Access to the single market is a very different matter. Everyone has access to the single market. The Foreign Secretary was quite wrong to say in his article in Monday’s Telegraph that there is a range of outcomes between no access and full, unfettered access. No one has no access; the question is on what terms this access is to be agreed. The range available to us extends from access on WTO terms—probably the worst available option, but not a disaster—to access with a no-tariffs free-trade agreement.
A free-trade agreement is eminently achievable. In fact, all non-EU countries in Europe, except Belarus, have free-trade agreements with the European Union. It is manifestly in their interests as well as ours, and not just because they have a large surplus in their trade with us. Consider a company such as BMW. BMW not only exports very large quantities of cars to us; they also export large quantities of Minis from the United Kingdom into the European Union. BMW, which is very important to the German economy, is hardly likely to allow the German Government to agree to a deal which impedes this two-way flow.
Of course, any exports into the European Union would have to comply with the regulations of the single market, just as exports to the United States or Japan or China have to comply with their regulations. The vast swathe of our economy which does not export to the European Union would be freed from the regulations of the single market. That would be a considerable advantage. It would also mean that we could decide for ourselves whether and to what extent we should change or abolish the tariffs we currently charge, under European Union rules, on goods from the rest of the world.
Concern has been expressed about the position of the City of London, but, as Barnabas Reynolds, partner and head of financial institutions and regulation at the prominent law firm Shearman & Sterling, has said:
“The vast majority of banking and investment banking activity should be largely unaffected even in the worst scenario, and the ultimate situation is likely to be considerably better than that.”
One of the reasons is that the UK is currently compliant with the regulations and directives which govern the provision of financial services in the European Union. This makes the basis of a trade deal simple: so long as neither party changes the relevant rules, passporting will continue after exit in the same way as before. This would give both parties the right to change the rules in a relevant area, bearing in mind that a rule change might affect the continuing passporting rights of those businesses which export from the UK to the EU or vice versa.
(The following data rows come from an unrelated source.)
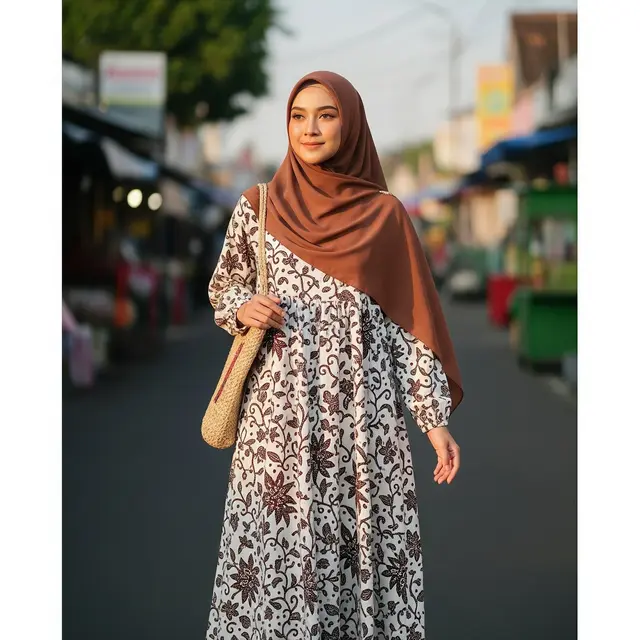 Gamis Batik Loose Fit Motif Kawung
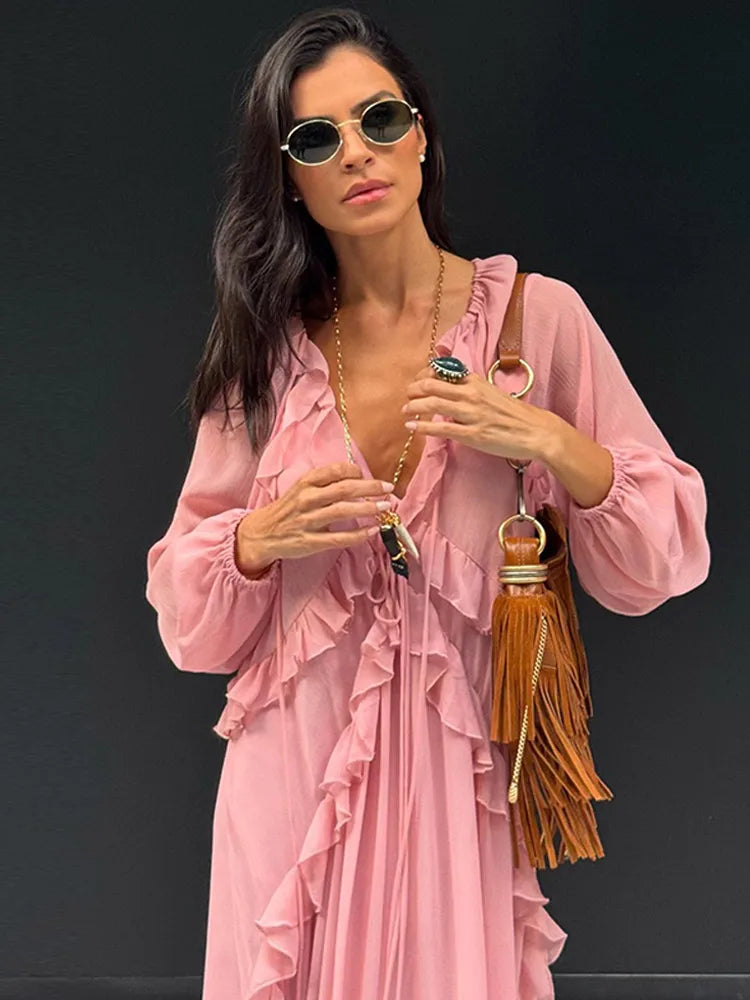 Elegant Summer Solid Color Women Long Robe Fashion V Neck Multiple Pleated Full Sleeves Female Dress New High Street Lady Wear
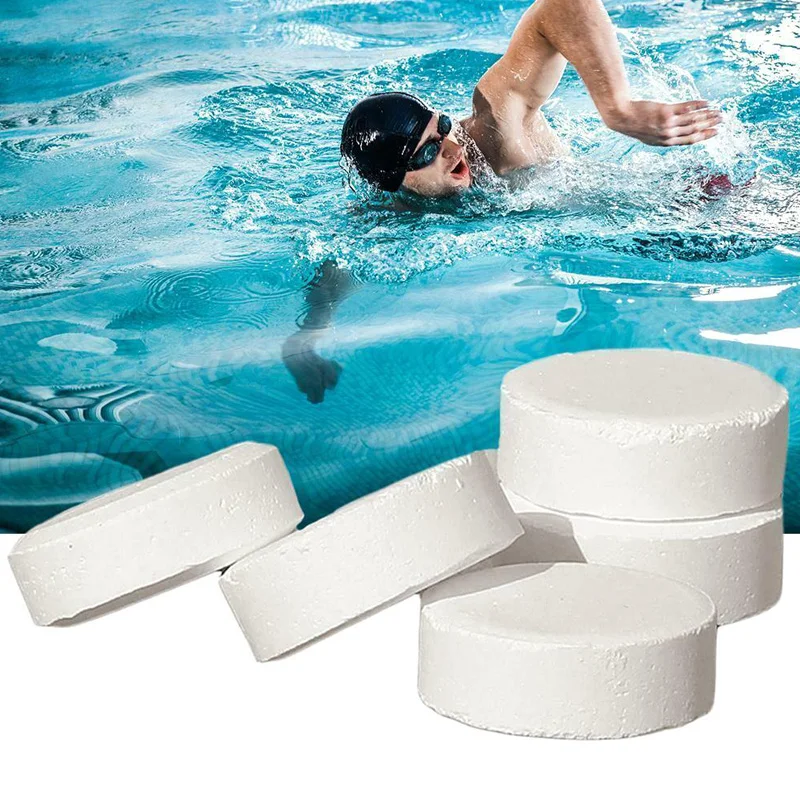 Tableta de limpieza de piscina, concentrado multifuncional, limpieza efervescente, Spa, cloro, bromo, suministros de limpieza, 50 Uds.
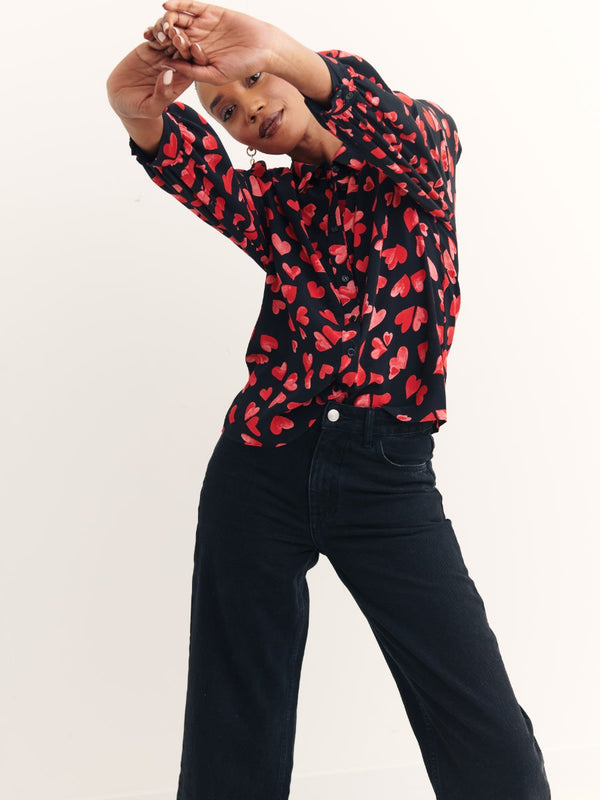 Black Meredith Heart Zara Blouse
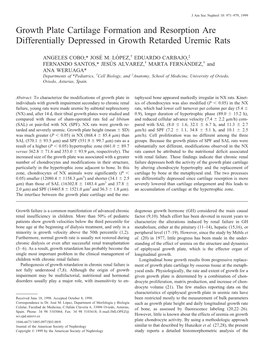 Growth Plate Cartilage Formation and Resorption Are Differentially Depressed in Growth Retarded Uremic Rats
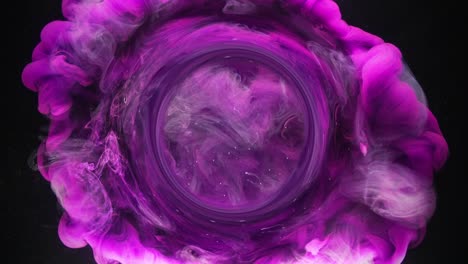 ink water splash vapor cloud motion purple dye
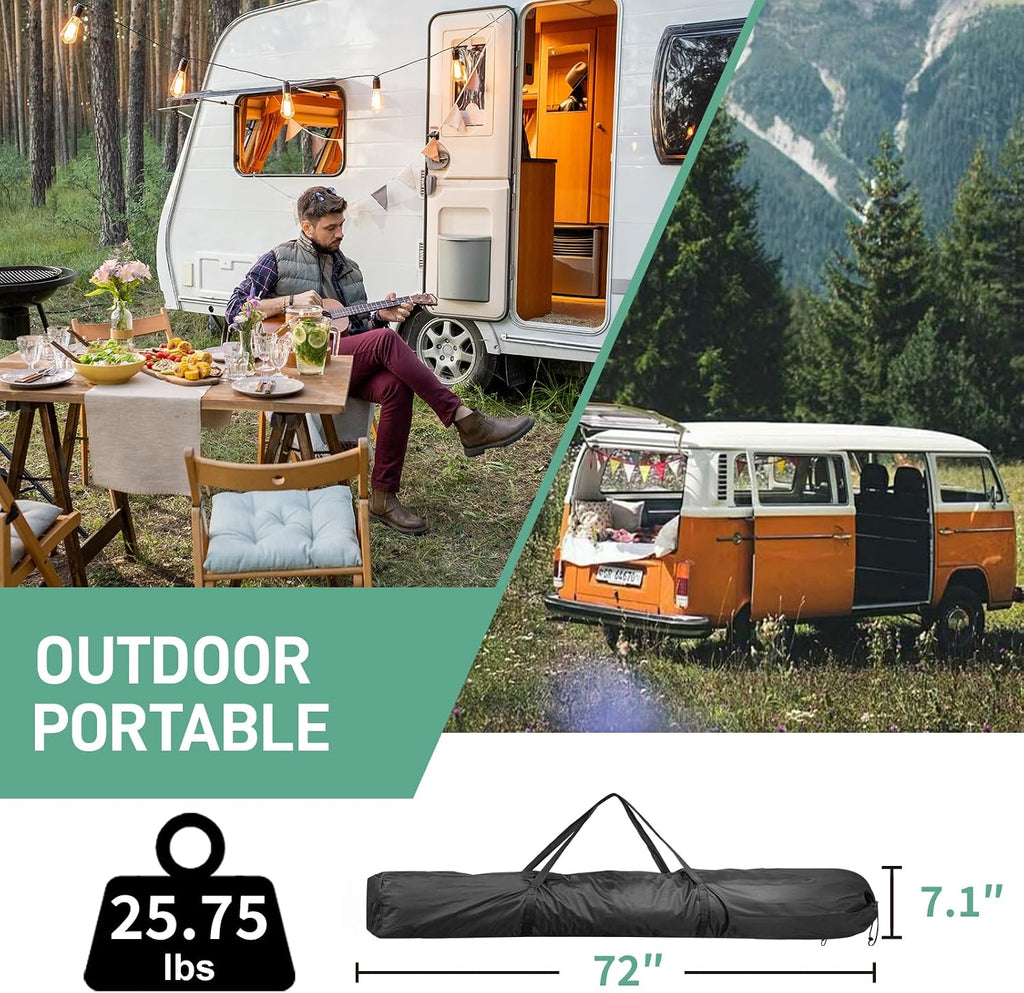 VINGLI 12x12 Pop Up Gazebo Tent, Portable Easy Up Screen Tent for Camping with Mosquito Netting, Camping Canopy Shelter with Carry Bag, Ground Stakes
There is every prospect of a negotiation which would reach an outcome which is perfectly satisfactory to both sides.
I will say a word about immigration. During the debates on the referendum, I frequently made the point that the referendum should not have been about the level of immigration into our country. It should have been, and to a large extent was, about who should decide the level of immigration into our country. There are those who think we need our current level of immigration. Others differ. Let us argue it out and decide it here in this country as does every other country in the world except the members of the European Union and Norway and, for the moment, Switzerland.
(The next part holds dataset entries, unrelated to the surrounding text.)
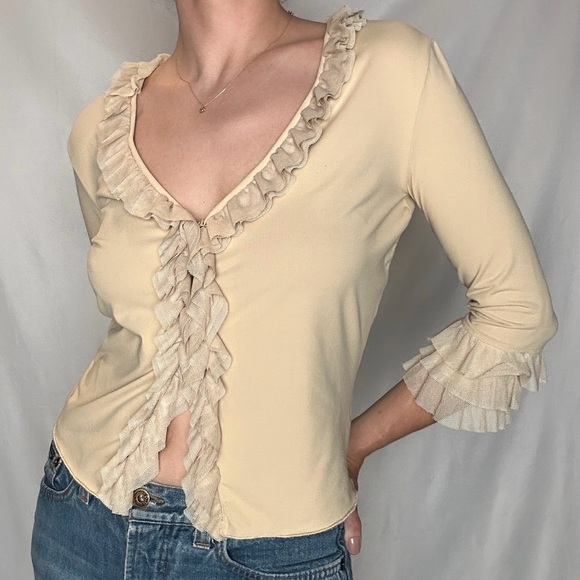 Moschino Jeans Beige Mesh Ruffle Trim Cardi/Blouse - Picture 1 of 11
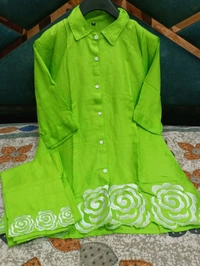SF2 5445 Trending Reyon two pc sets  embroidery  on daman of tunic top and bottom too._It's a must for ALL shapes and a smart party outfit  - Green, XL-42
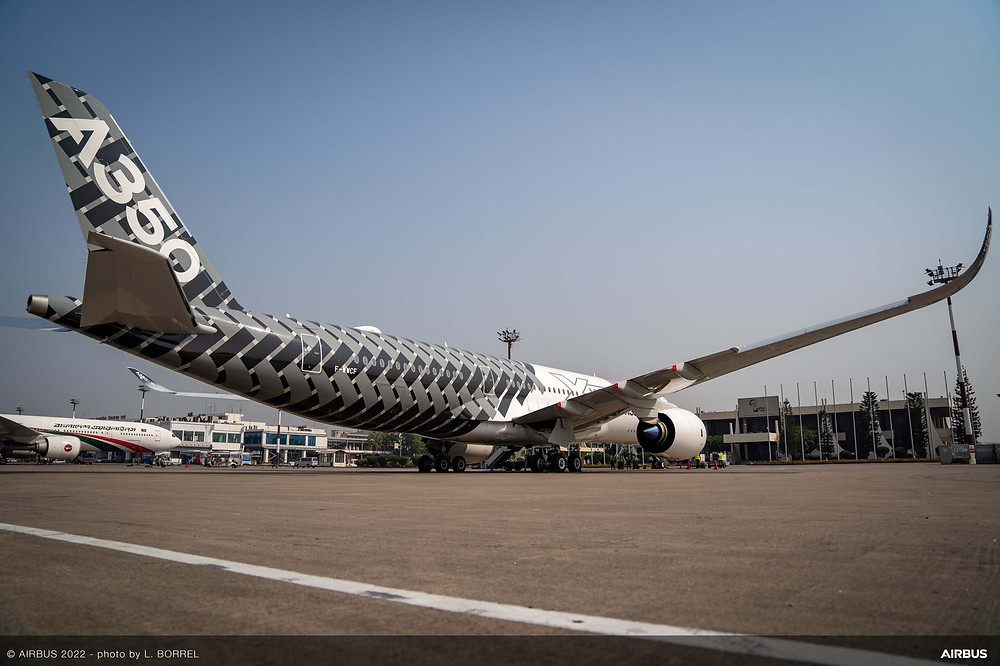 L'Airbus A350 au centre de l'attention lors du salon aéronautique Wings India d'Hyderabad -Gate7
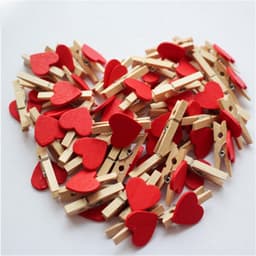 Houten Wasknijpers - Fotoclips Kaartknijpers - Decoratie Knutselen - Hartvormig Ontwerp - 50 Stuks - Wit — thumbnail 2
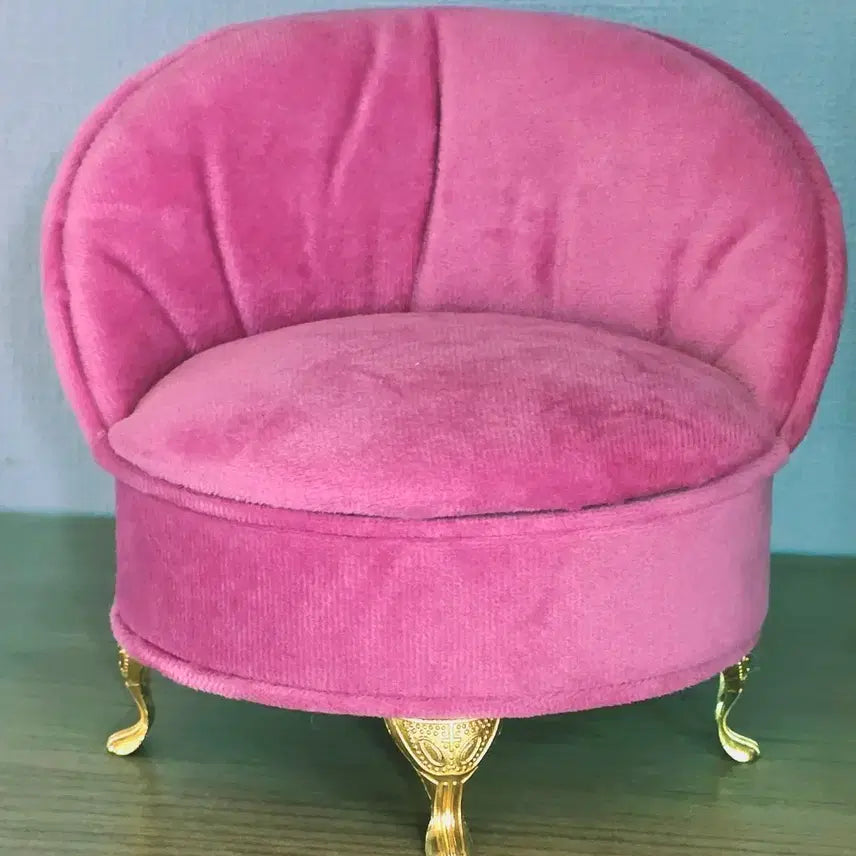 [BUNJANG] Velvet Chair-Shaped Accessory Box with Mirror / 의자모양 인형소품겸 악세사리함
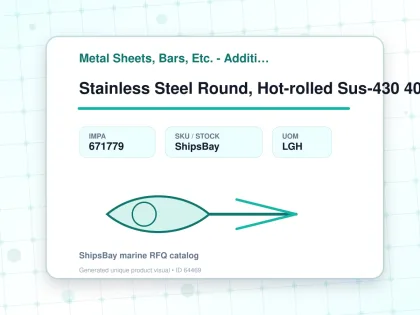 Stainless Steel Round, Hot-rolled Sus-430 40mm 3mtr - Metal Sheets, Bars, Etc. - Additional Items - IMPA 671779 - UOM LGH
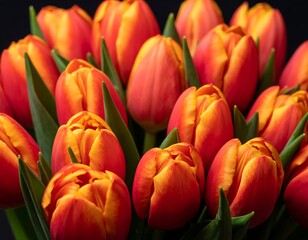 Fototapeta premium Radiant tulip display with vibrant orange and yellow hues captured in studio shot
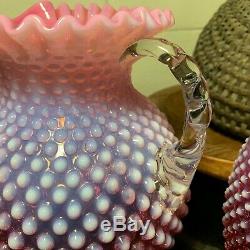 Stunning Fenton Cranberry Opalescent Hobnail Pitcher with Five 4 3/4 Tumblers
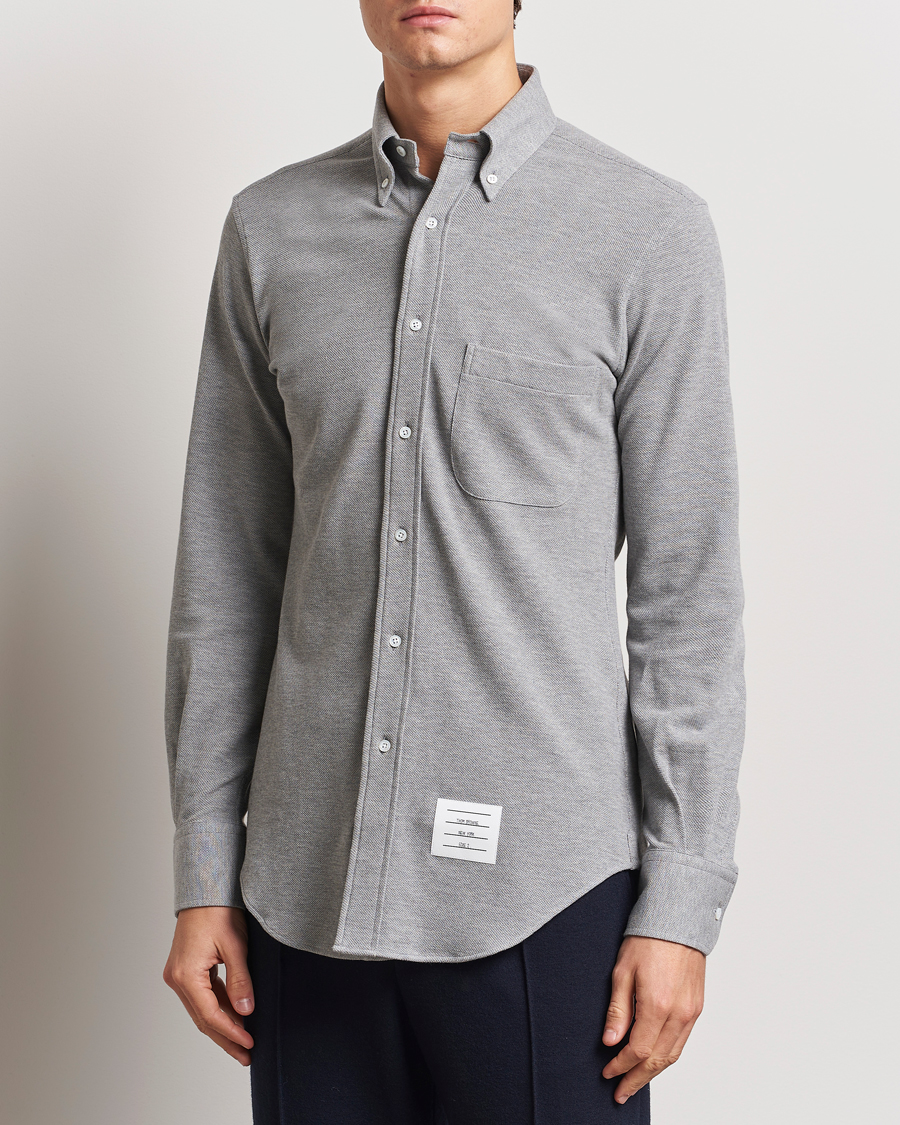 Homme | Chemises | Thom Browne | Button Down Piquet Shirt Light Grey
As so many of your Lordships have said during this debate, let us not begin to entertain any suggestion that immigrants who are here legally, including those from the European Union, should be used as bargaining chips. That is a matter of common, simple decency. I do not believe for a moment that any of our European neighbours will want to round up and deport citizens of the United Kingdom who live and work within their borders. If I am wrong, and they do, let them wear the badge of shame which will for ever be associated with such actions. Let such a badge of shame never be allowed to besmirch the reputation of Her Majesty’s Government.